# [What to do]
Once the line holding "2025 RAM 2500 Big Horn Crew Cab 4x4 6'4' Box" is found, output it and all remaining lines of the data exactly, with every picture left out.

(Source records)
################

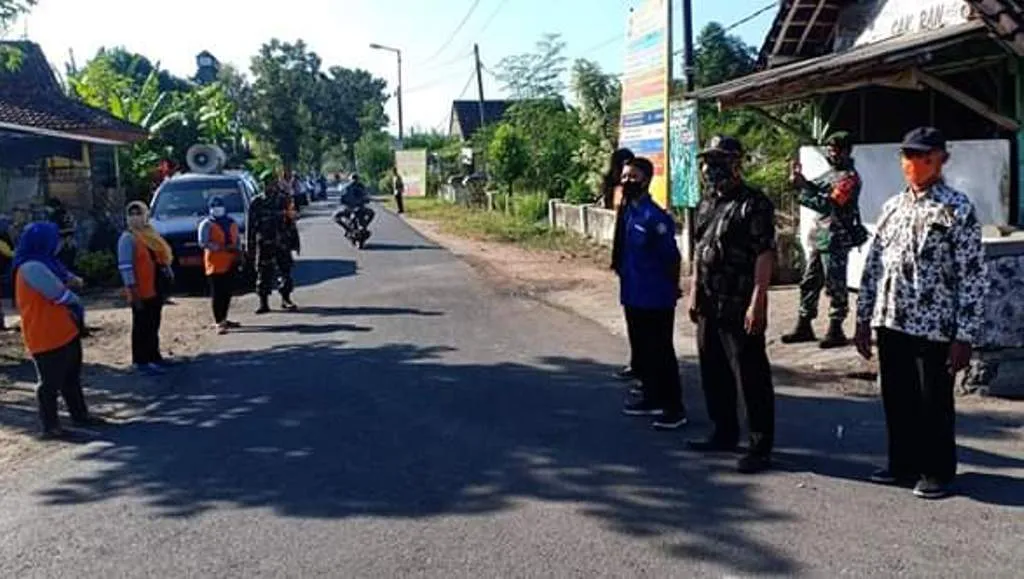 Pemdes Darungan Lumajang Gelar Operasi Pendisiplinan Masker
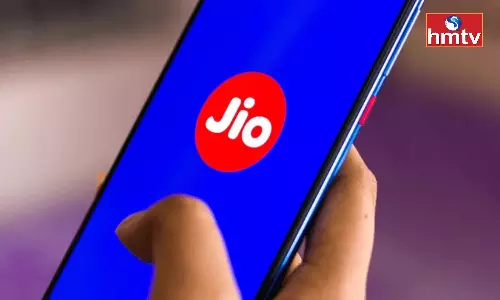 Reliance Jio Launches Indias First Cheap 5G Smartphone Know how the Features are Reliance Jio Launches Indias First Cheap 5G Smartphone Know how the Features are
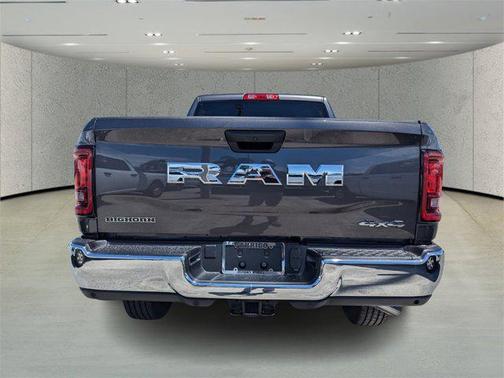 2025 RAM 2500 Big Horn Crew Cab 4x4 6'4' Box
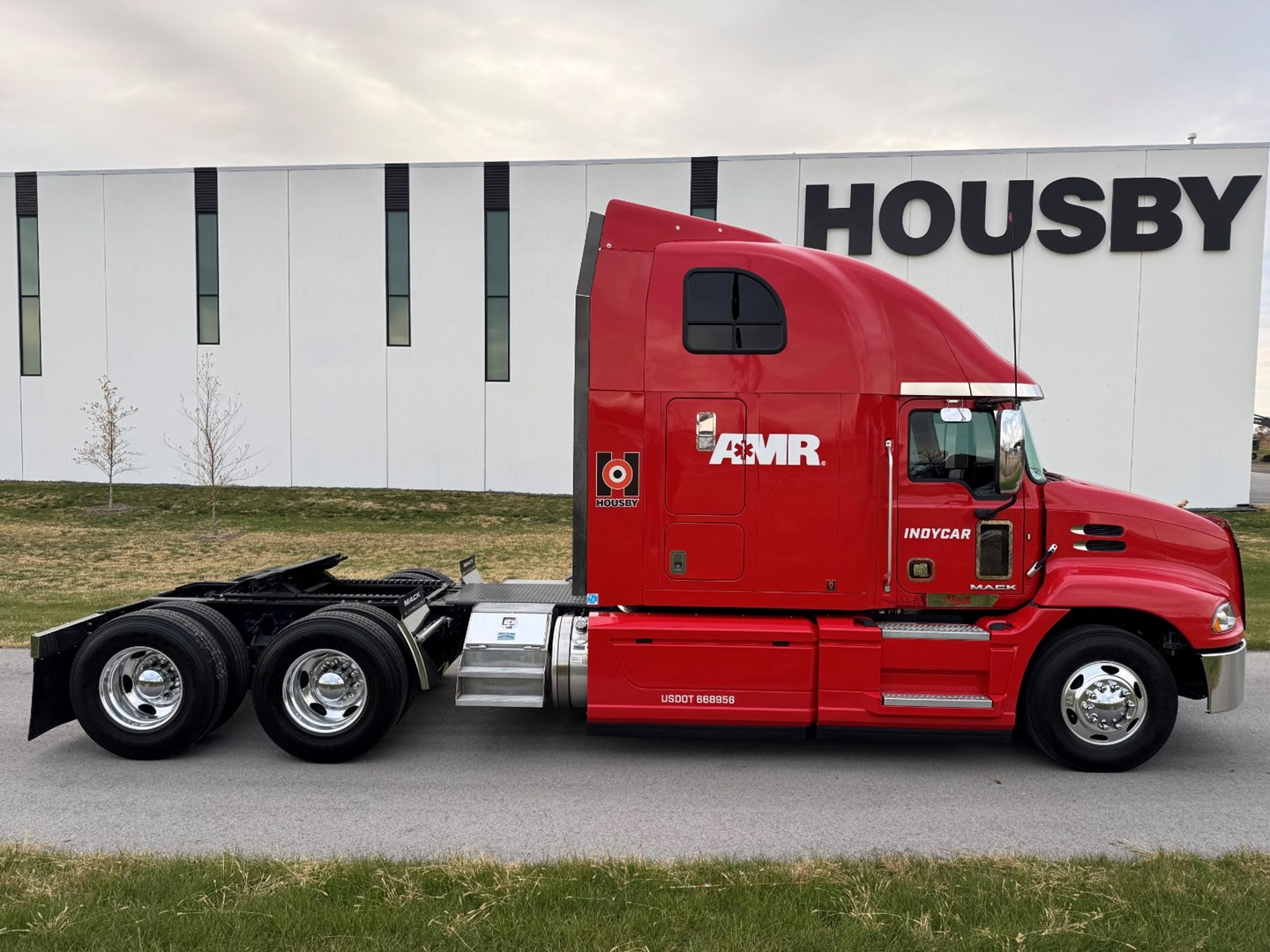 2018 MACK CXU613 - USED TRUCKS SLEEPER - image 7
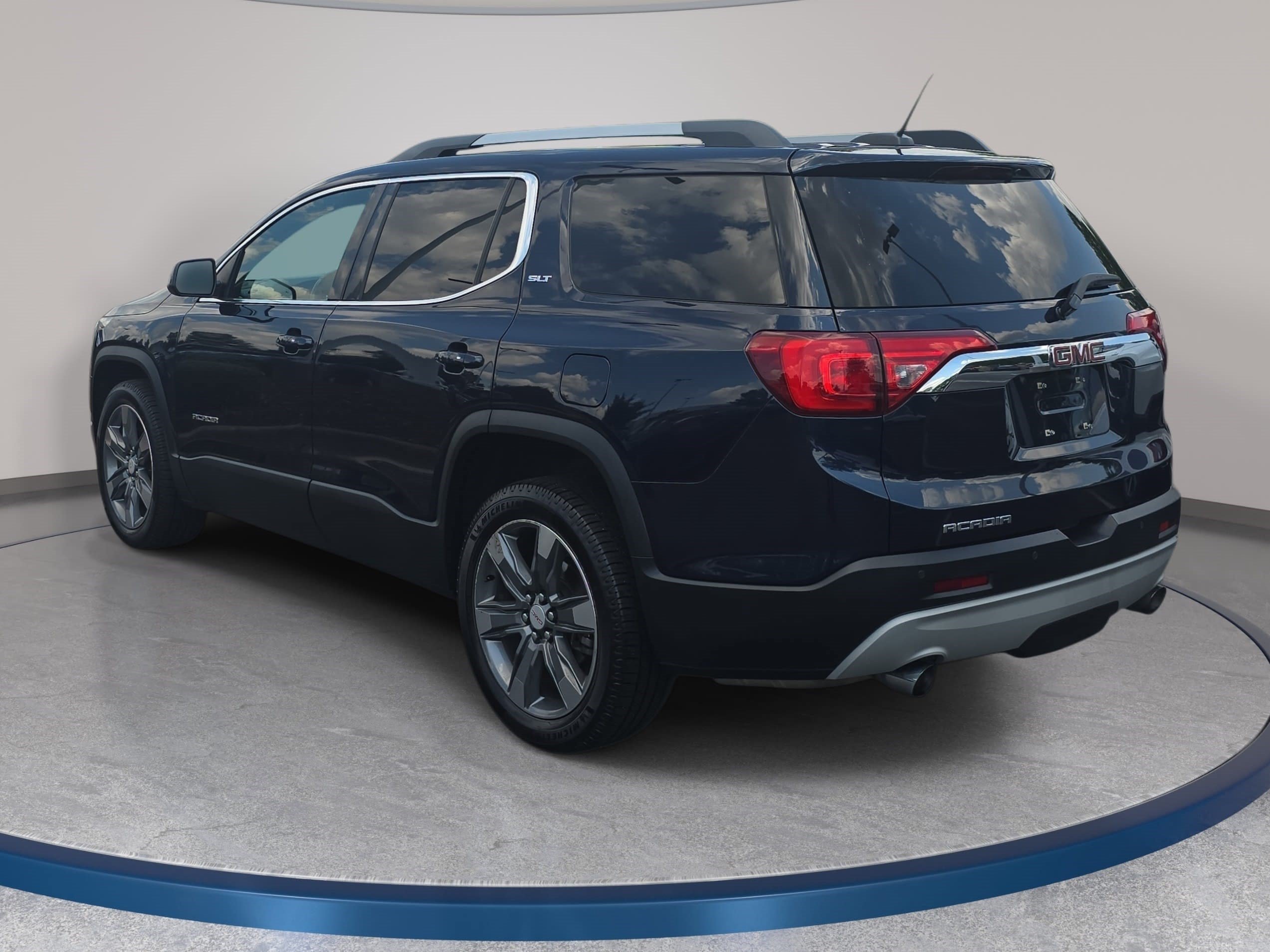 Used 2017 GMC Acadia SLT FWD image 7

################

# [Answer for this exercise]
 2025 RAM 2500 Big Horn Crew Cab 4x4 6'4' Box
 2018 MACK CXU613 - USED TRUCKS SLEEPER - image 7
 Used 2017 GMC Acadia SLT FWD image 7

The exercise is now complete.